Re: [RFC PATCH 4/5] acpi/hmat: Register special purpose memory as a device

From: Dan Williams
Date: Fri Apr 05 2019 - 11:43:17 EST


On Fri, Apr 5, 2019 at 4:19 AM Jonathan Cameron
<jonathan.cameron@xxxxxxxxxx> wrote:
>
> On Thu, 4 Apr 2019 12:08:49 -0700
> Dan Williams <dan.j.williams@xxxxxxxxx> wrote:
>
> > Memory that has been tagged EFI_SPECIAL_PURPOSE, and has performance
> > properties described by the ACPI HMAT is expected to have an application
> > specific consumer.
> >
> > Those consumers may want 100% of the memory capacity to be reserved from
> > any usage by the kernel.

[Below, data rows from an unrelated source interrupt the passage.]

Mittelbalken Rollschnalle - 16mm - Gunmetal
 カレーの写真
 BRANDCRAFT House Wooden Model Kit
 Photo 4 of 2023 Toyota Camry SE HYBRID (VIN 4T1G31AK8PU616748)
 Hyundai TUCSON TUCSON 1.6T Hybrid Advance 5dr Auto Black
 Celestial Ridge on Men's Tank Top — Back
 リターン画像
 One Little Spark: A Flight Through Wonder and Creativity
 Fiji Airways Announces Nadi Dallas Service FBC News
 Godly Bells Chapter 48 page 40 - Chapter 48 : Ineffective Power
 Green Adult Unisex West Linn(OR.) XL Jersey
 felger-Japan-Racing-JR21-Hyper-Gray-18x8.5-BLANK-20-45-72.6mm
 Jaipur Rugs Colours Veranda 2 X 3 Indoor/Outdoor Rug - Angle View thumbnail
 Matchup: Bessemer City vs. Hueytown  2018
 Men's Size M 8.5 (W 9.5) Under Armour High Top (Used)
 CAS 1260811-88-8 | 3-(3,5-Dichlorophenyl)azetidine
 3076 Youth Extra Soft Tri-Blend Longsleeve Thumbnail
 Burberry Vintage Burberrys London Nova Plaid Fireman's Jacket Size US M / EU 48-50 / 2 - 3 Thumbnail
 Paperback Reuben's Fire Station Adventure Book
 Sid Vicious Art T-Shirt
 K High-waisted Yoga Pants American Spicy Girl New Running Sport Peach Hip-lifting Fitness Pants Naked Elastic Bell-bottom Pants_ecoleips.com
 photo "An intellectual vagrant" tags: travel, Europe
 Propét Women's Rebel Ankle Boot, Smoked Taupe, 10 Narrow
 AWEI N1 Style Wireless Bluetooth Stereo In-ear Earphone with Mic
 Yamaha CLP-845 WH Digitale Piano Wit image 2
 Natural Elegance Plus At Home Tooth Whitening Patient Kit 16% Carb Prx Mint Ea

By default, with this enabling, a platform
> > device is created to represent this differentiated resource.
> >
> > A follow on change arranges for device-dax to claim these devices by
> > default and provide an mmap interface for the target application.
> > However, if the administrator prefers that some or all of the special
> > purpose memory is made available to the core-mm the device-dax hotplug
> > facility can be used to online the memory with its own numa node.
> >
> > Cc: "Rafael J. Wysocki" <rjw@xxxxxxxxxxxxx>
> > Cc: Len Brown <lenb@xxxxxxxxxx>
> > Cc: Keith Busch <keith.busch@xxxxxxxxx>
> > Cc: Jonathan Cameron <Jonathan.Cameron@xxxxxxxxxx>
> > Signed-off-by: Dan Williams <dan.j.williams@xxxxxxxxx>
>
> Hi Dan,
>
> Great to see you getting this discussion going so fast and in
> general the approach makes sense to me.
>
> I'm a little confused why HMAT has anything to do with this.
> SPM is defined either via the attribute in SRAT SPA entries,
> EF_MEMORY_SP or via the EFI memory map.
>
> Whether it is in HMAT or not isn't all that relevant.
> Back in the days of the reservation hint (so before yesterday :)
> it was relevant obviously but that's no longer true.
>
> So what am I missing?

It's a good question, and an assumption I should have explicitly
declared in the changelog. The problem with EFI_MEMORY_SP is the same
as the problem with the EfiPersistentMemory type, it isn't precise
enough on its own for the kernel to delineate 'type' or
device/replaceable-unit boundaries. For example, I expect one
EFI_MEMORY_SP range of a specific type may be contiguous with another
range of a different type. Similar to the NFIT there is no requirement
in the specification that platform firmware inject multiple range
entries. Instead that precision is left to the SRAT + HMAT, or the
NFIT in the case of PMEM.

Conversely, and thinking through this a bit more, if a memory range is
"special", but the platform fails to enumerate it in HMAT I think
Linux should scream loudly that the firmware is broken and leave the
range alone. The "scream loudly" piece is missing in the current set,
but the "leave the range alone" functionality is included.